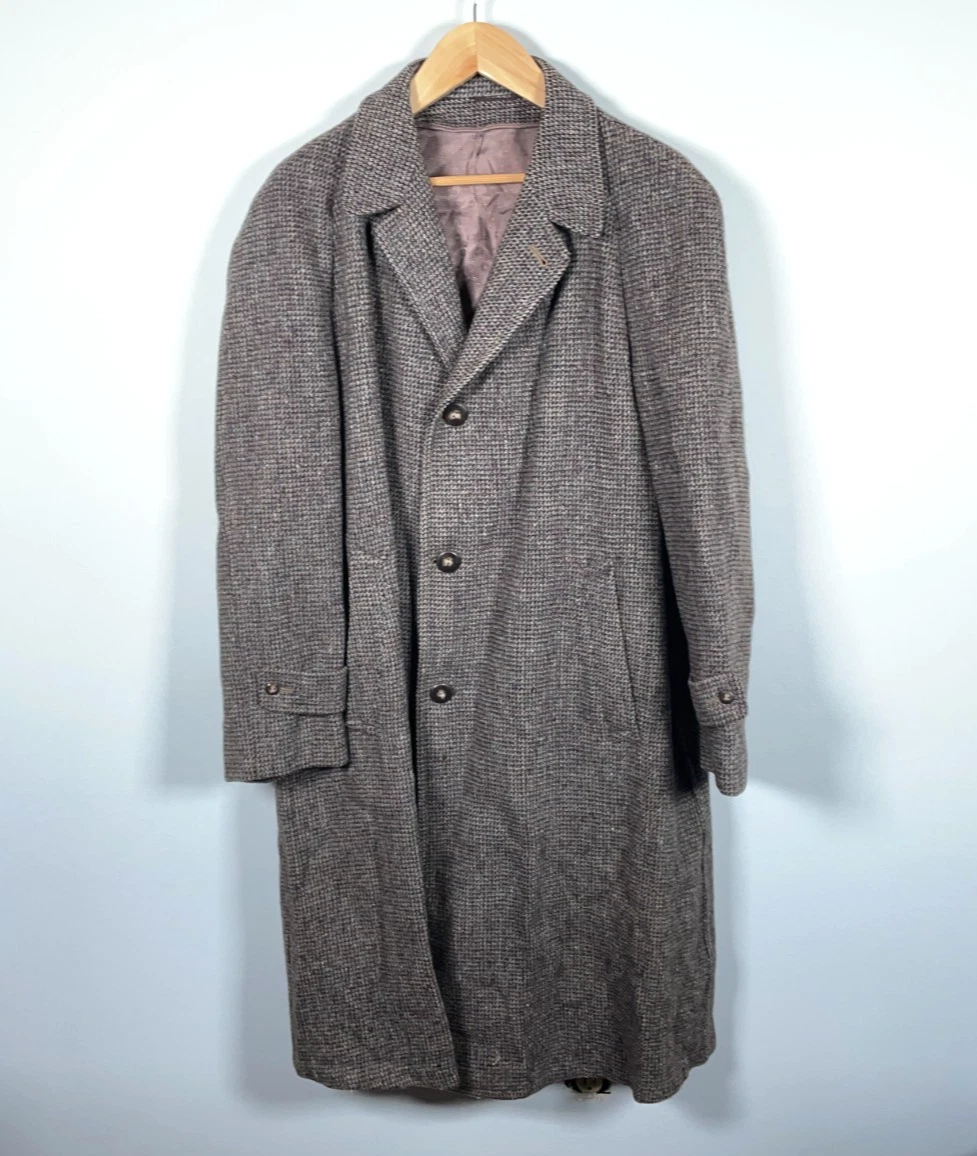 Vintage Harris Tweed Coat In Men's Coats & Jackets for sale - eBay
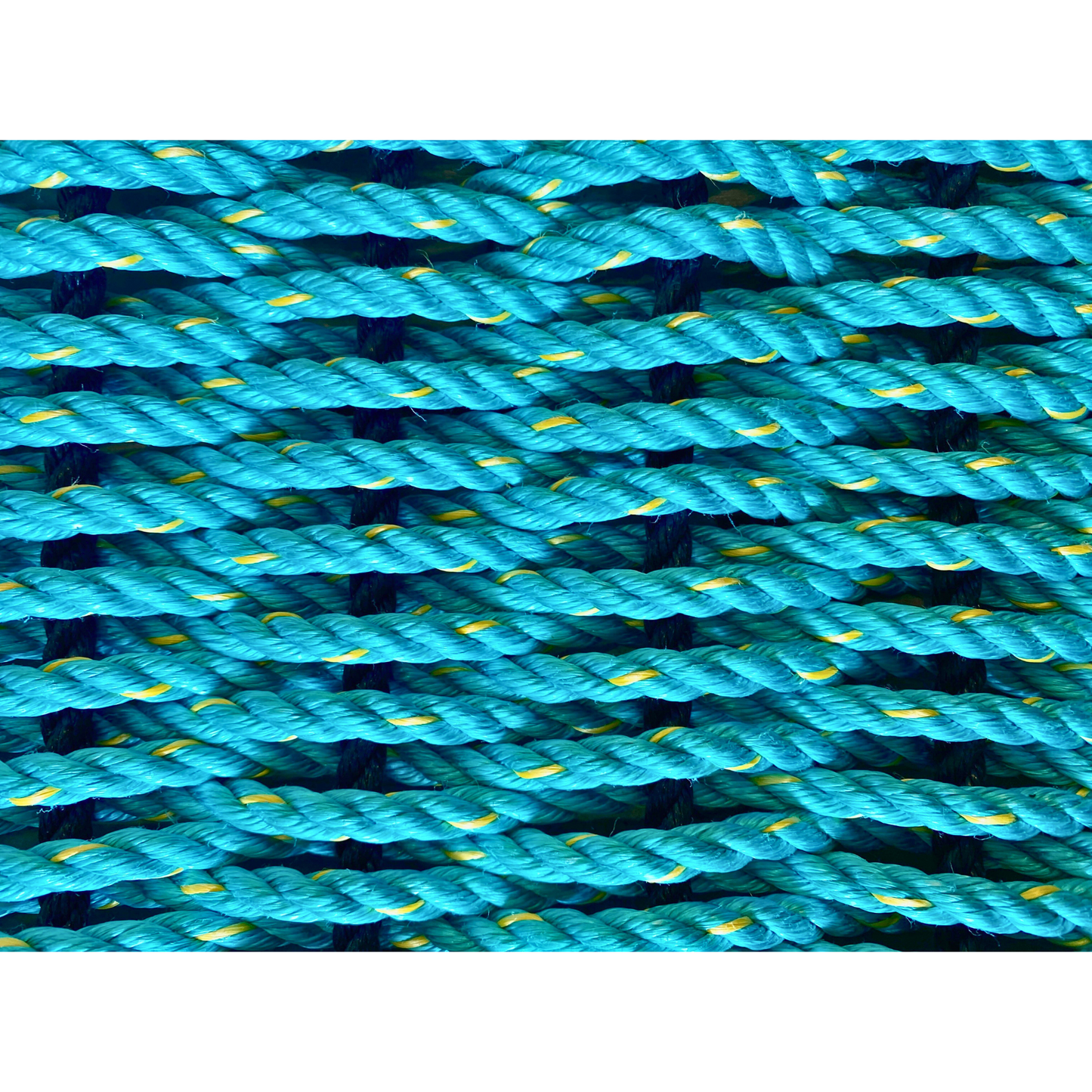 Rope Doormat AQUA + BLACK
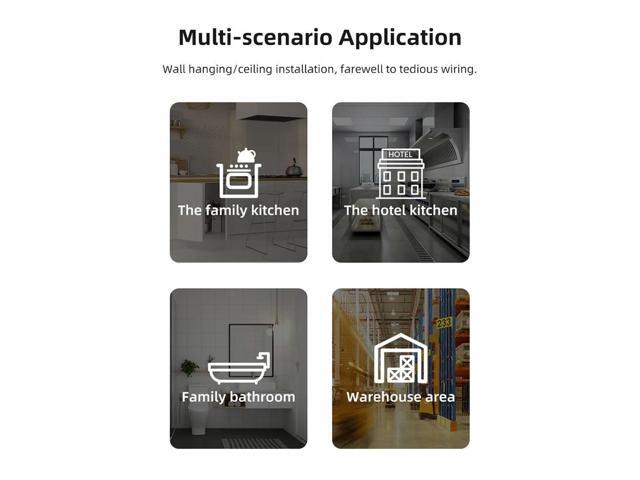 Gas Leak Sensor Digital Display Gas Leak Detector APP Remote Control USB Type-C Power for LPG Gas Biogas Methane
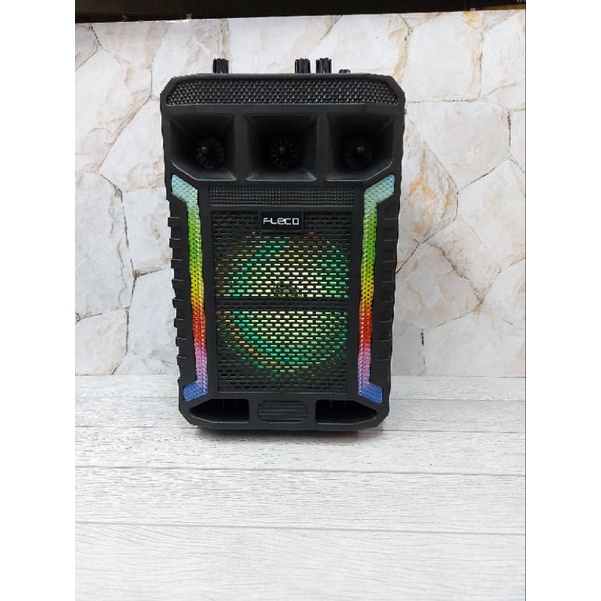 Speaker Portable Bluetooth Free Mic 3000W 8&quot; Fleco F 8606NF ORIGINAL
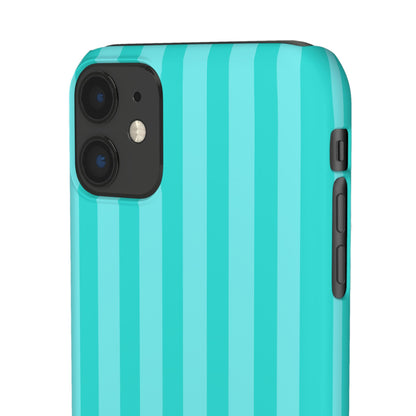Striped Aqua Case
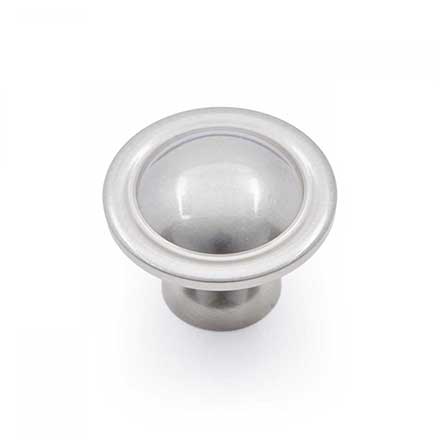 RK International [CK-9303-P] Solid Brass Cabinet Knob - Small Smooth Dome - Satin Nickel Finish - 1 1/4" Dia.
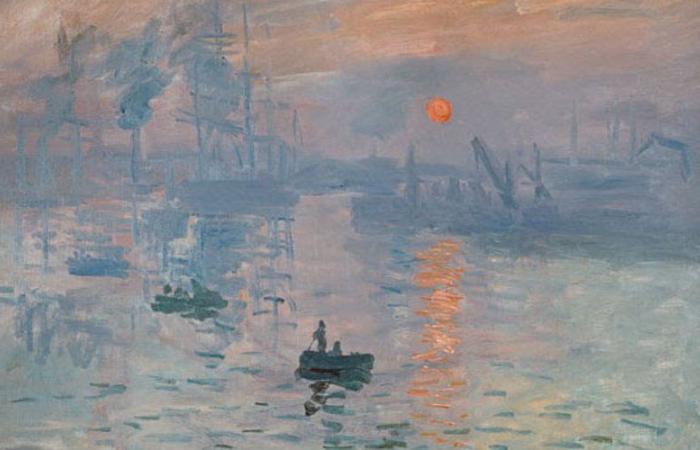 Eine immersive Ausstellung „Monet, Eindruck der aufgehenden Sonne“ im Jahr 2025 im Carrières des Lumières in Baux-de-Provence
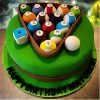 Pool Game Designer Truffle Cake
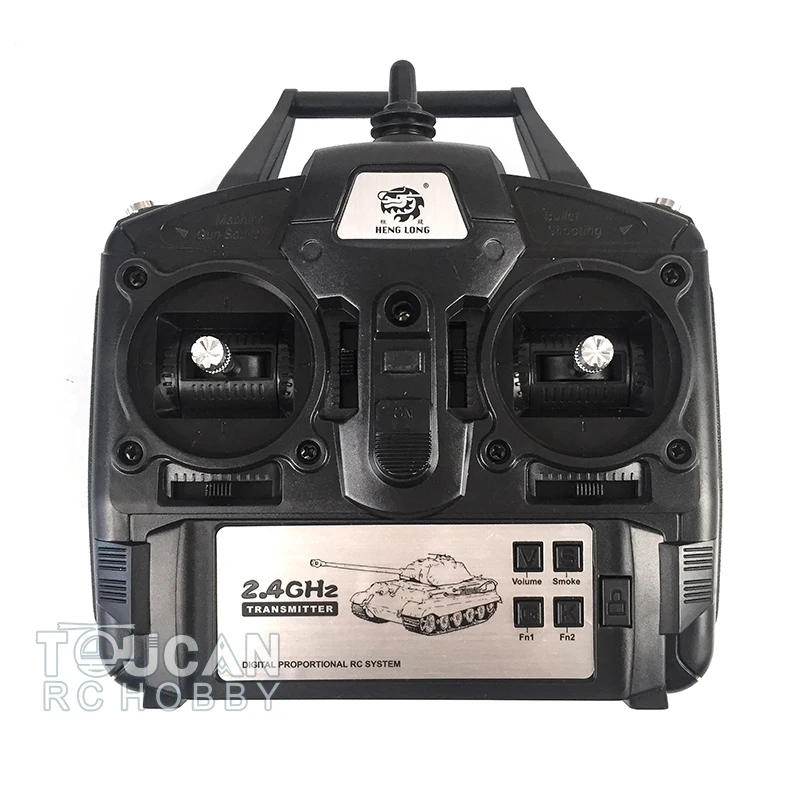 Controlador de rádio transmissor de geração 2.4Ghz 7.1 7.0 para modelo de tanque de batalha Henglong 1/16 RC com recursos avançados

──────────

When you copy the data, keep every line exact and leave out each picture.

 Vintage Harris Tweed Coat In Men's Coats & Jackets for sale - eBay
 Rope Doormat AQUA + BLACK
 Gas Leak Sensor Digital Display Gas Leak Detector APP Remote Control USB Type-C Power for LPG Gas Biogas Methane
 Speaker Portable Bluetooth Free Mic 3000W 8&quot; Fleco F 8606NF ORIGINAL
Striped Aqua Case
 RK International [CK-9303-P] Solid Brass Cabinet Knob - Small Smooth Dome - Satin Nickel Finish - 1 1/4" Dia.
 Eine immersive Ausstellung „Monet, Eindruck der aufgehenden Sonne“ im Jahr 2025 im Carrières des Lumières in Baux-de-Provence
 Pool Game Designer Truffle Cake
 Controlador de rádio transmissor de geração 2.4Ghz 7.1 7.0 para modelo de tanque de batalha Henglong 1/16 RC com recursos avançados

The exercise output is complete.